Payroll goes Beyond Bookkeeping

Payroll, one of the biggest expenses for restaurants, is an important part of business accounting. The task of recording all the payroll expenses falls under the area of bookkeeping, but the overall payroll process goes far beyond simple bookkeeping.

Adding hours, allocating paid time off, calculating taxes, and applying insurance, garnishment, or other deductions requires management level decisions. Processing payments may require an even higher level authorization.

Once those numbers are calculated, they all need to be recorded in the company books. That is the task of bookkeeping, and can be done at the same level as recording sales and other expenses.

The first issue in recording payroll transactions is that the salary amount is never the same as the payment to the employee, due to the deductions. In a restaurant, there might also be tip amounts that have been received by the company, and added to the employee salary.

To account for $1000 due to an employee, there might be a payment of $825 to the employee, with the remaining $175 split between the accounts used for the deductions. For example, it might break down with tax and insurance deductions as follows:

Salary 1000
Tax Liability account -150
Insurance account -25
Bank Account -825

This would increase your salary expenses by $1000, and decrease your bank account by $825. The difference is recorded in other liability or expense accounts.

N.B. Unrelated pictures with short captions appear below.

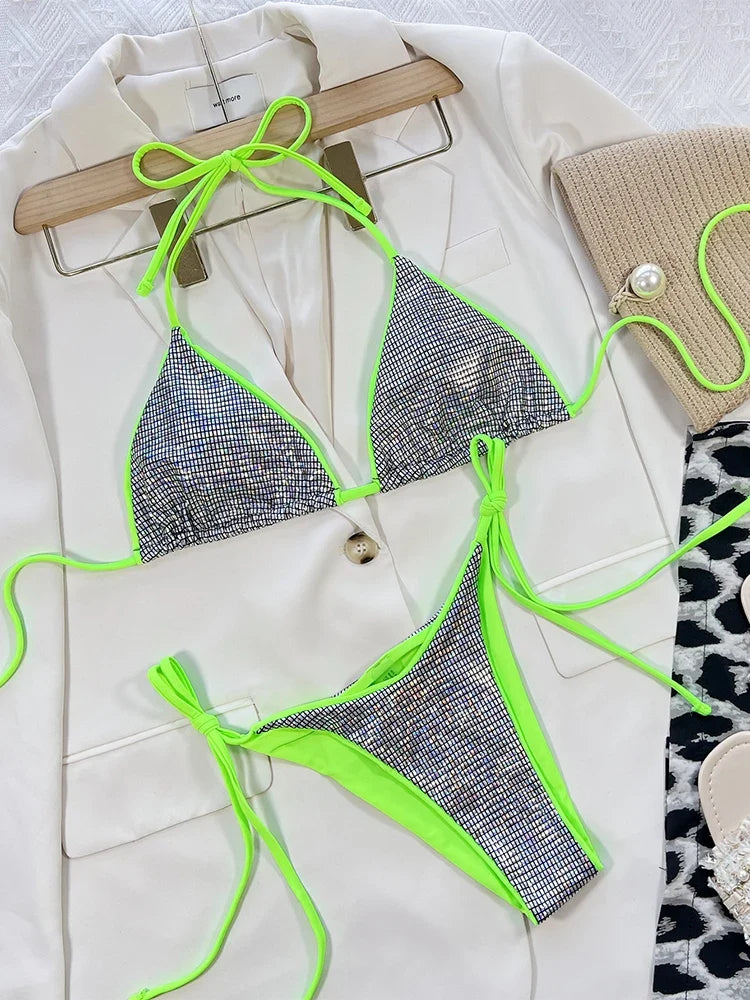Zebra Print Halter micro Bikini 2025 women Bandeau String Swimsuit Female swimwear Neon Shiny bikini set Leopard Bathing Suit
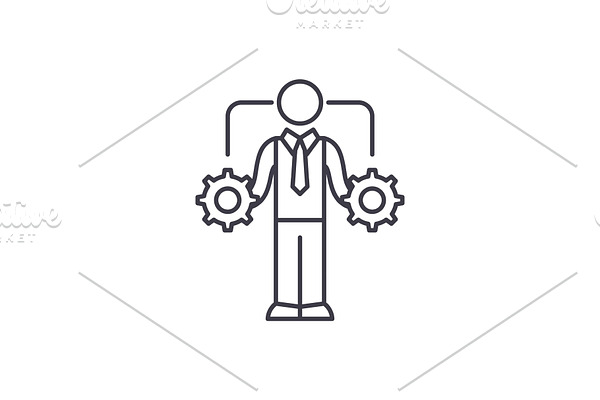 Business decision making line icon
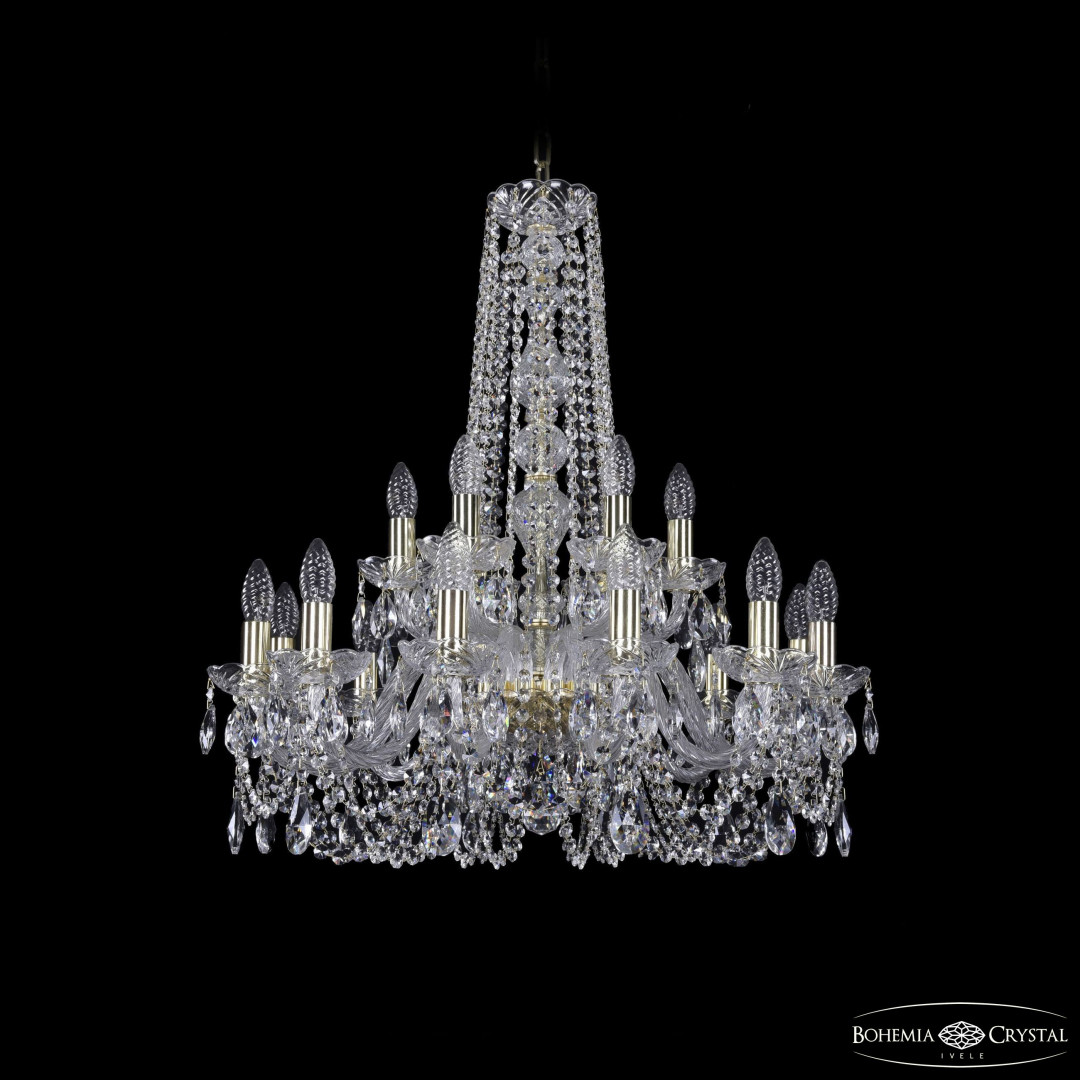 Люстра хрустальная 1402/12+6/240/h-75 G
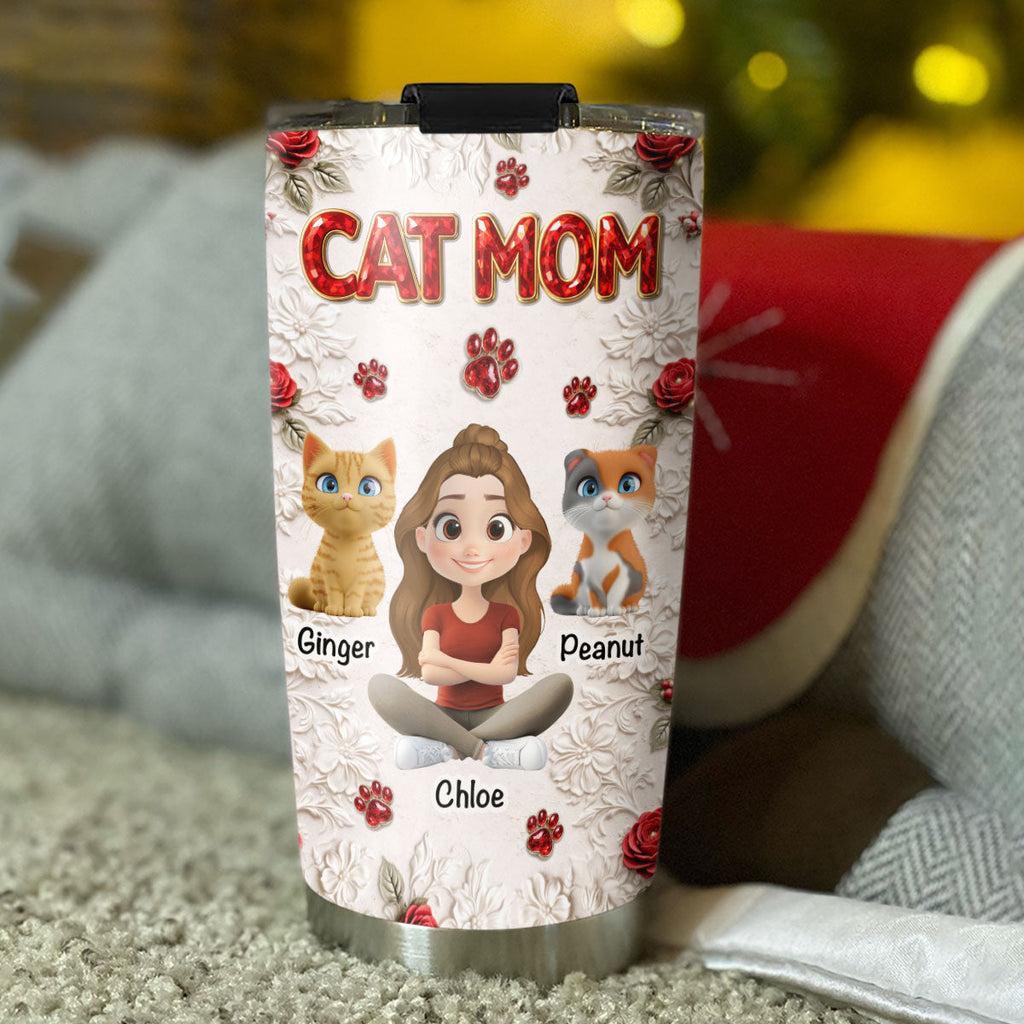 Custom Christmas Birthday Gifts For Cat Mom, Cat Lovers • Floral Cat Mom - Personalized 3D Effect Tumbler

The tax liability account normally starts at zero, and goes negative as you accumulate liability. By putting a negative value in that account, it represents what you owe to the tax authorities. You will “fill it back up” to zero by paying the taxes at a later date, when you will subtract more money from your bank account, and add it to the tax liability balance.

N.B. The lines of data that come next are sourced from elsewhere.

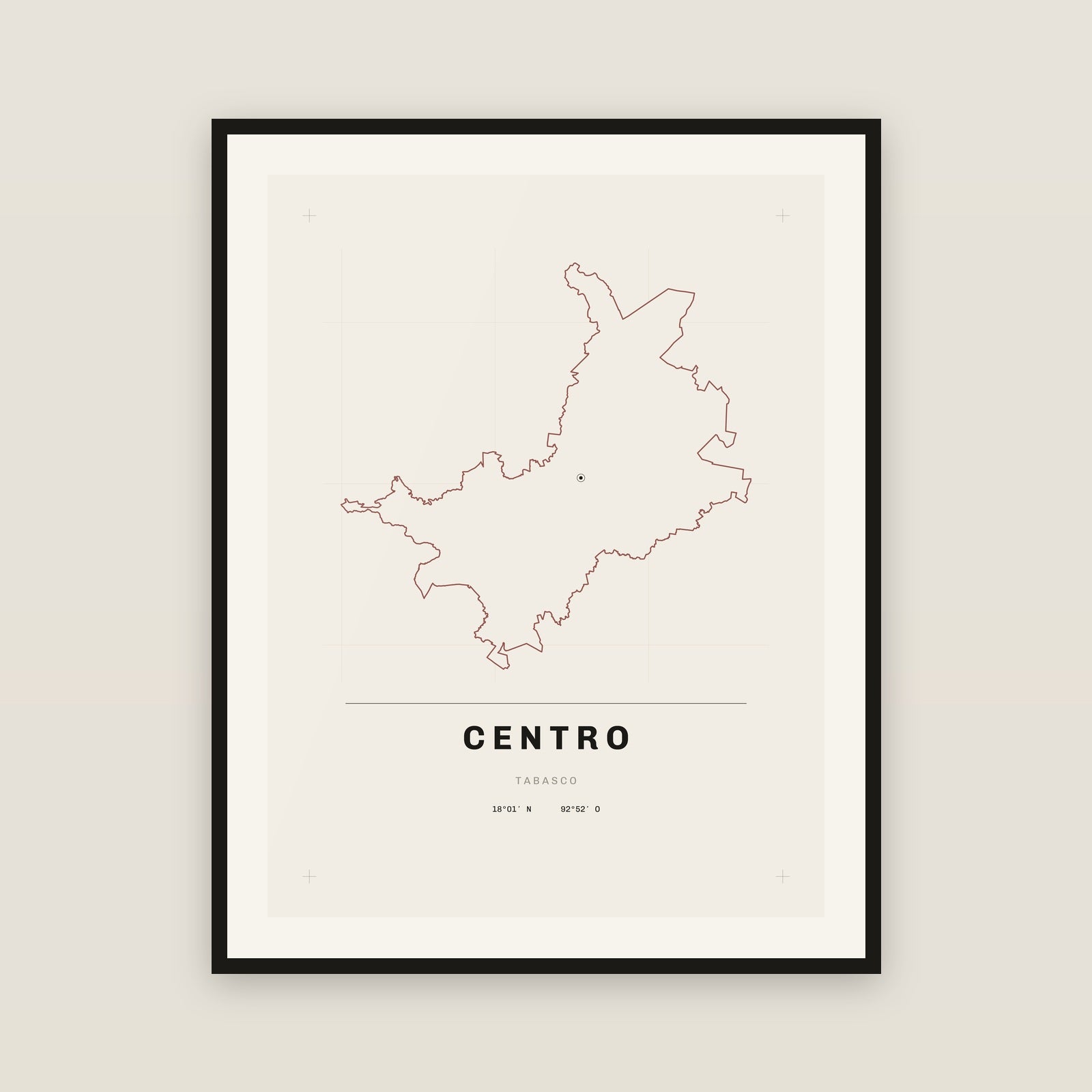 Centro, Tabasco map print — exact INEGI boundary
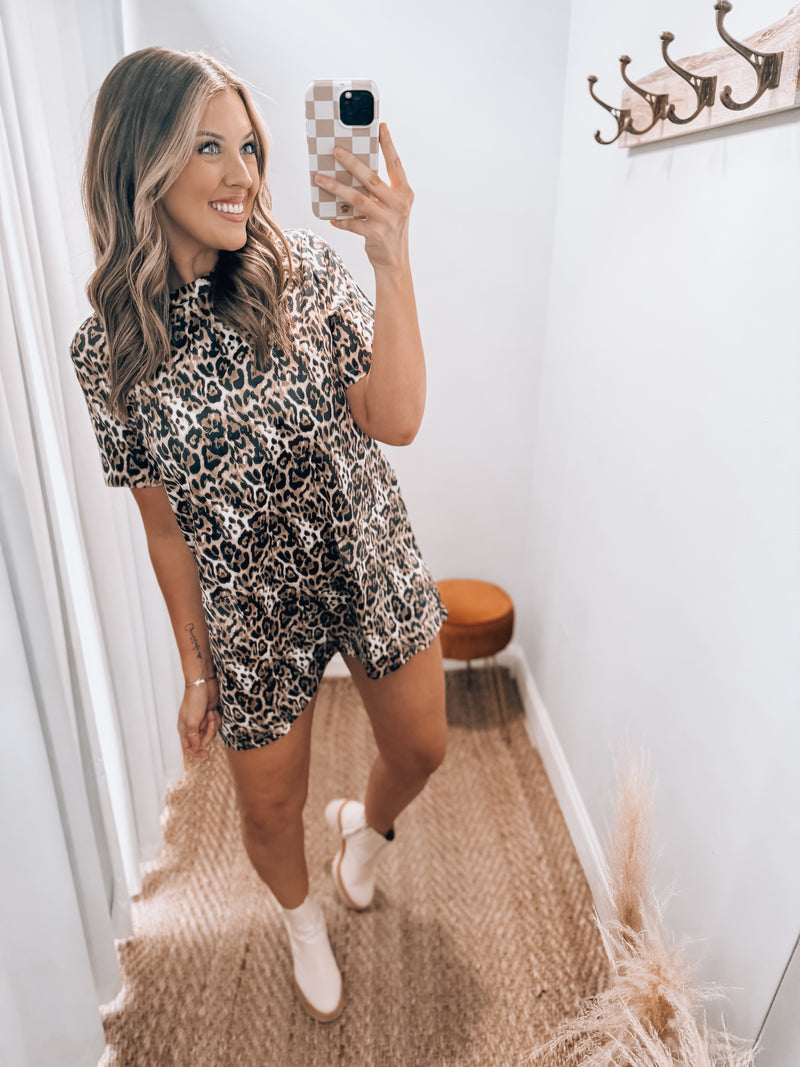 Leopard Mini Shift Dress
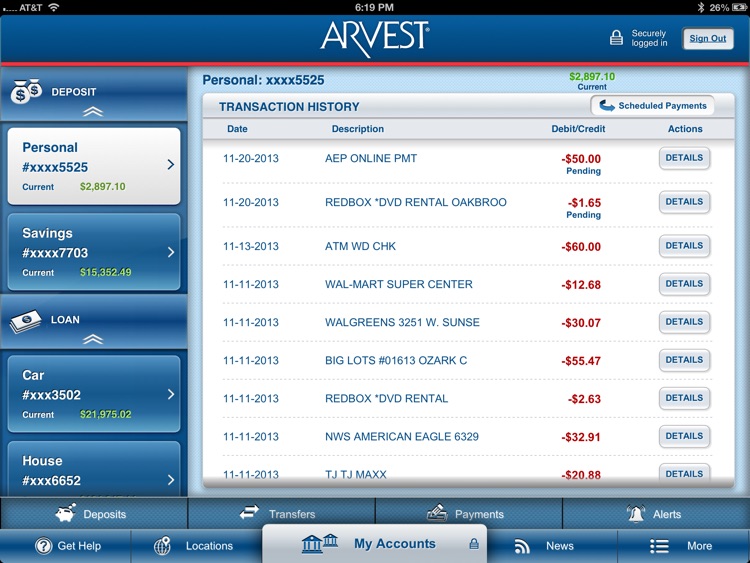 Arvest for iPad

The insurance can also go into a liability account, but you could also record it directly into your expense account for employee insurance. For example, depending on the timing of your insurance payments and payroll periods, you may be paying the insurance before some of the deductions are made. Rather than holding the money for later payment, it is actually paying you back for the insurance you already paid.

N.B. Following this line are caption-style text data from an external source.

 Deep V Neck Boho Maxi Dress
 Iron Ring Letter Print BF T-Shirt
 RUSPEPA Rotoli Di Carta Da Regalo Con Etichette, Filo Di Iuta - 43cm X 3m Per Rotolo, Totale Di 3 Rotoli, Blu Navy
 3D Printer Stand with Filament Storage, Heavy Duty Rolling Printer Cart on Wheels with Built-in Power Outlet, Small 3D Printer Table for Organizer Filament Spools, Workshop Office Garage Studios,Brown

Recording a negative number directly into an insurance expense account will adjust your total expenses to properly reflect the portion paid by the company. If the company paid the insurance bill and recorded $100 in expense, then records a negative $25 in the same insurance expense account, the company’s net expense is $75.

In fact, if you use an online payroll service to do your tax calculations–and you probably should, since it is the most efficient solution for most small businesses–the payroll service might pull your tax payments and submit them at the very same time that the employee direct deposits go out. In that case, you never actually “hold” that tax money. Rather than recording the negative tax amount into a liability account, you could record it directly into the tax paid expense account. The negative amount would adjust the total expense in the same way as the health insurance example above.

In either case, you would record a single payment from your bank account to the tax authority that would include both employer and employee portions of the tax. In this example, that amount might be $300. Then the negative tax line from the employee paycheck transaction, recorded directly into the expense account, would bring your net tax expense down to $150.

Any other payments made to the employee, such as tips, simply increase the amount to be accounted for with the bank, liability, and expense accounts. It does, however, require that your bookkeeping software allow you to enter multiple lines on both halves of the transaction–multiple items to be paid, and multiple means of payment.

If your employees report their cash tips, the employer is expected to calculate taxes on those tips. While that requires additional steps within the payroll process to add in those amounts, then subtract them back out after tax calculations, those numbers do not necessarily need to be shown in the books. The taxes will be need to be recorded correctly, but if the cash tip amounts used for calculating are saved within the payroll process, they can be stripped from both sides of the equation before entering in to the books.